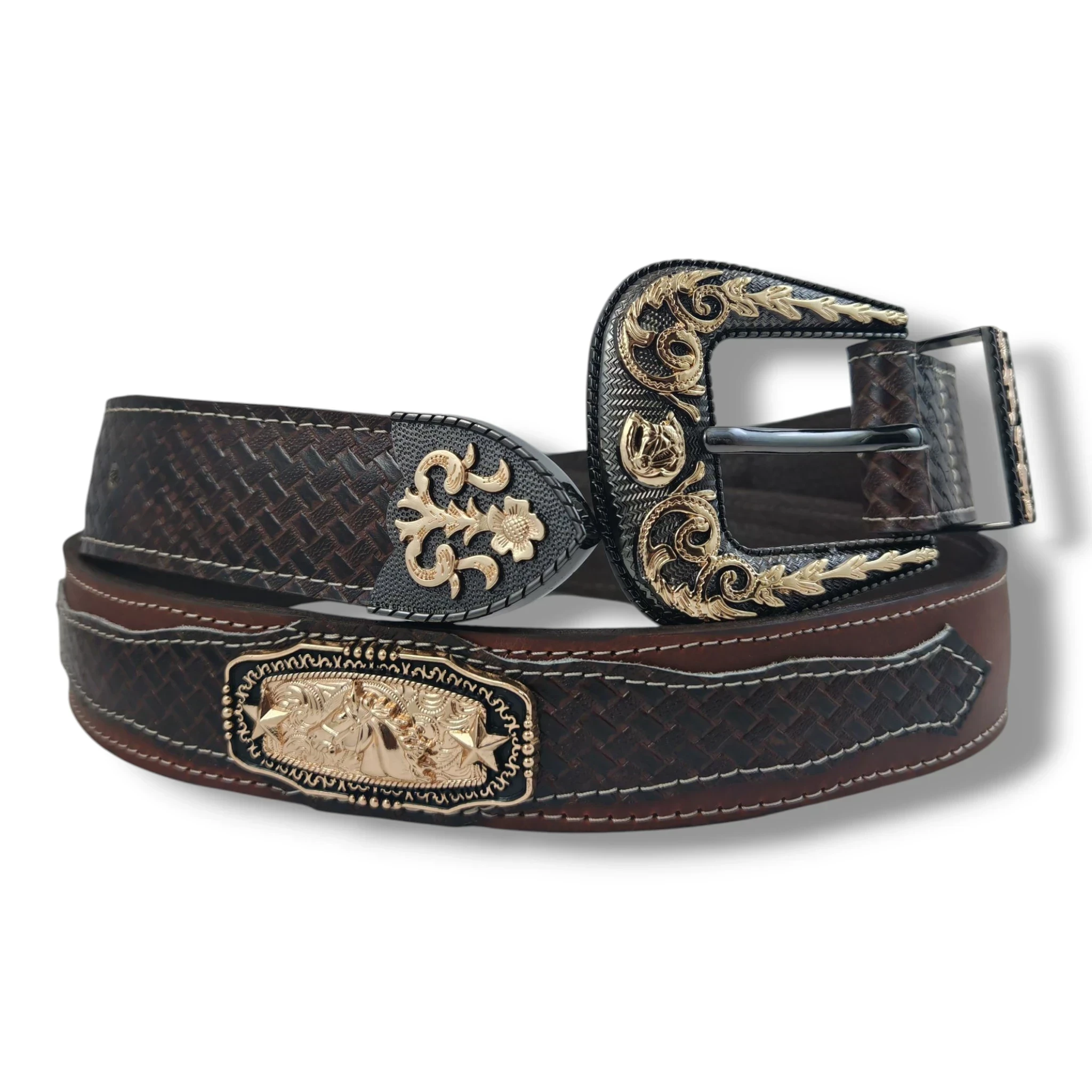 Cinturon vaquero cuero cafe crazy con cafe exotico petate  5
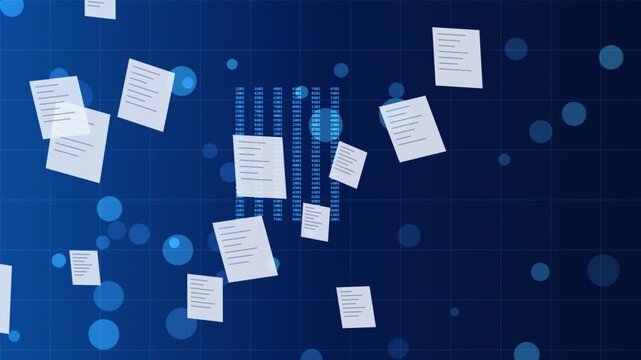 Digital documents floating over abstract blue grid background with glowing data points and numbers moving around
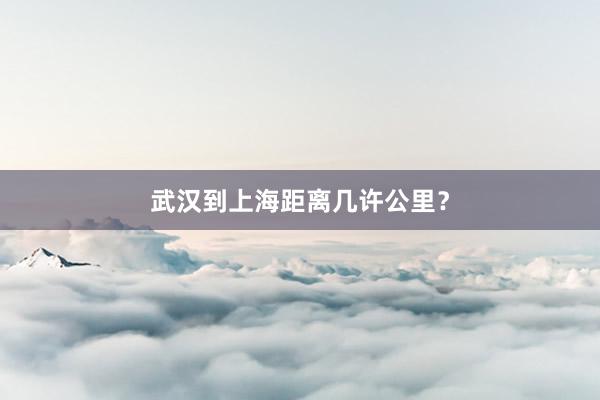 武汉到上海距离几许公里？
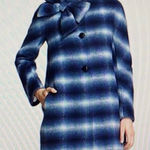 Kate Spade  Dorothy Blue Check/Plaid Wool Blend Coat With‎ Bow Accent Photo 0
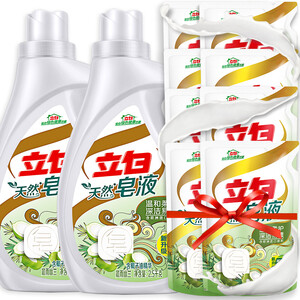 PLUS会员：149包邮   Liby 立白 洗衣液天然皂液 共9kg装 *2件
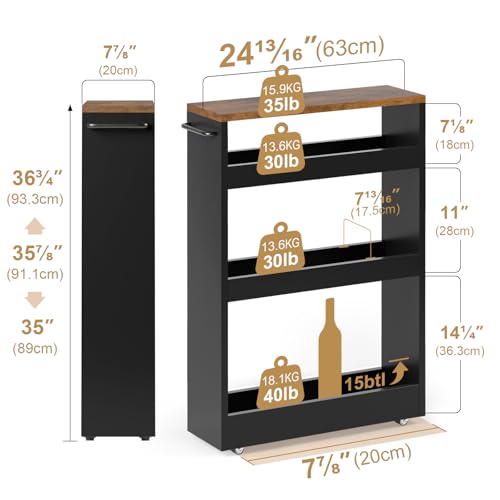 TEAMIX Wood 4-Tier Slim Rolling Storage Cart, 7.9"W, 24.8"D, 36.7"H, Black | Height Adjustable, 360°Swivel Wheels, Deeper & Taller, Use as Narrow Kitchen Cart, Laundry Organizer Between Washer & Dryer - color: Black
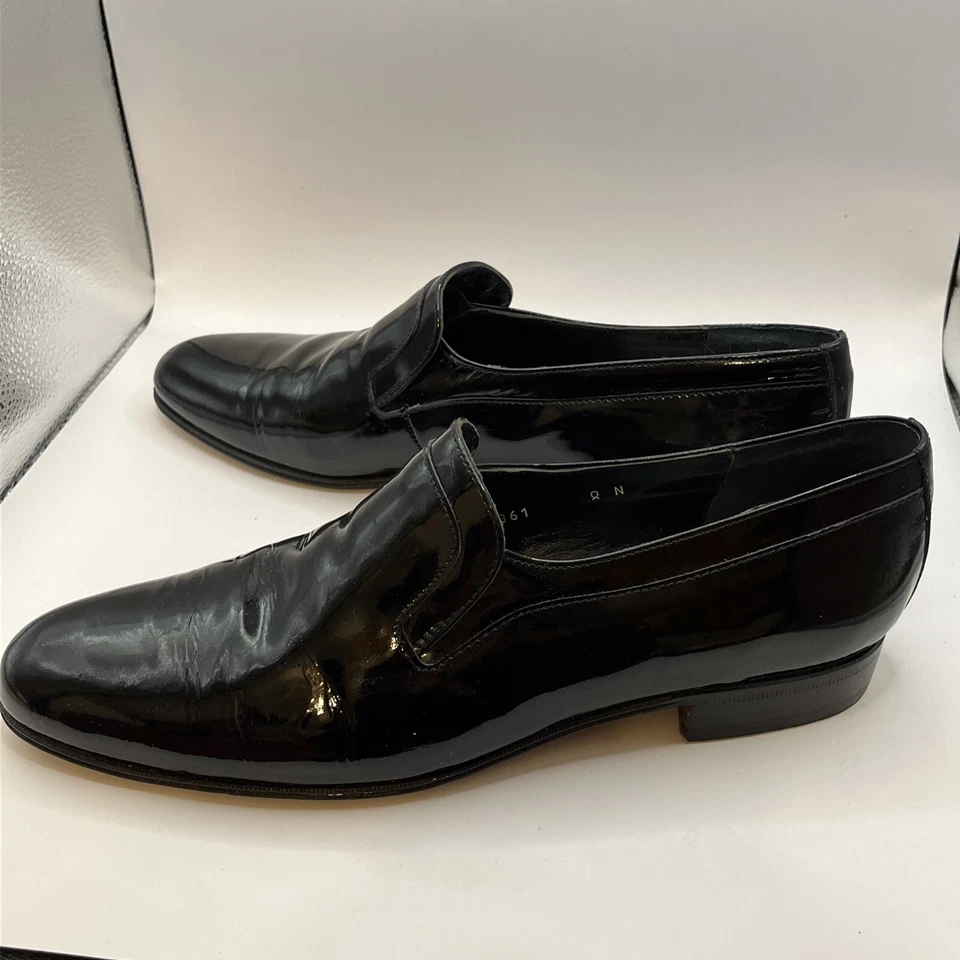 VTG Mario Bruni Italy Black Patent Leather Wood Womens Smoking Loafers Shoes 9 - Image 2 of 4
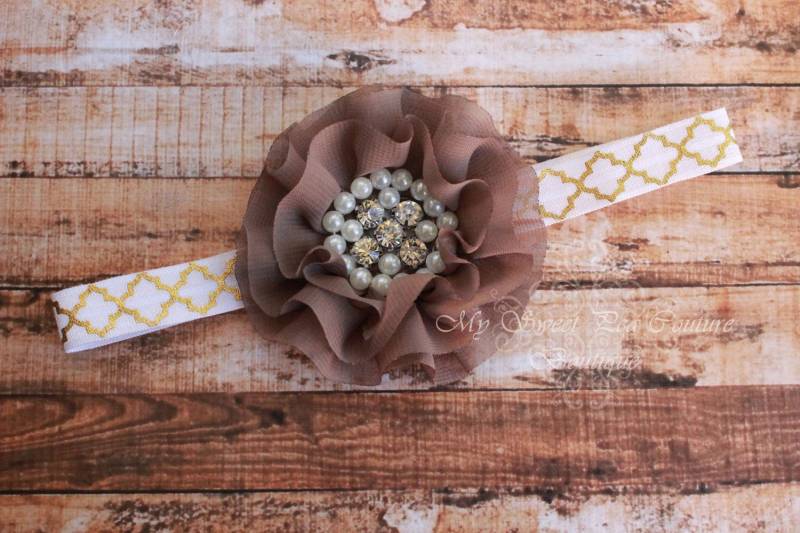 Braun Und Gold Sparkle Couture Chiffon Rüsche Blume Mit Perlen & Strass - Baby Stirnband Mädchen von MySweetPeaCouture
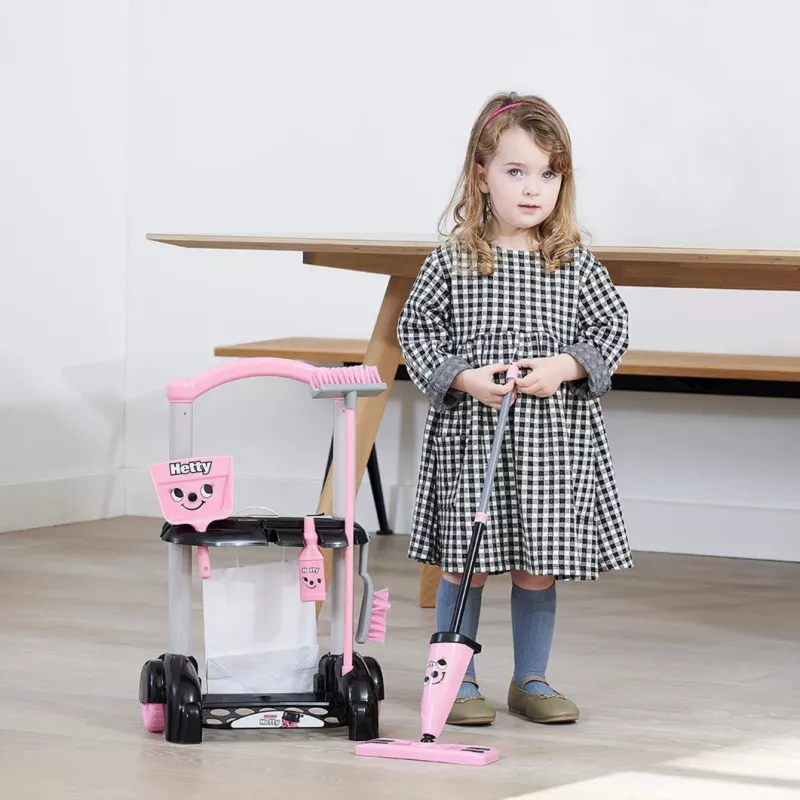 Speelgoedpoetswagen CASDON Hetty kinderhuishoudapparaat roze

===============

Problem to work on. In the listing above, find the line containing "武汉到上海距离几许公里？" and the line containing "TEAMIX Wood 4-Tier"; print those lines and every line between them exactly, leaving out pictures.

Solution.
 武汉到上海距离几许公里？
 Kate Spade  Dorothy Blue Check/Plaid Wool Blend Coat With‎ Bow Accent Photo 0
 PLUS会员：149包邮   Liby 立白 洗衣液天然皂液 共9kg装 *2件
 TEAMIX Wood 4-Tier Slim Rolling Storage Cart, 7.9"W, 24.8"D, 36.7"H, Black | Height Adjustable, 360°Swivel Wheels, Deeper & Taller, Use as Narrow Kitchen Cart, Laundry Organizer Between Washer & Dryer - color: Black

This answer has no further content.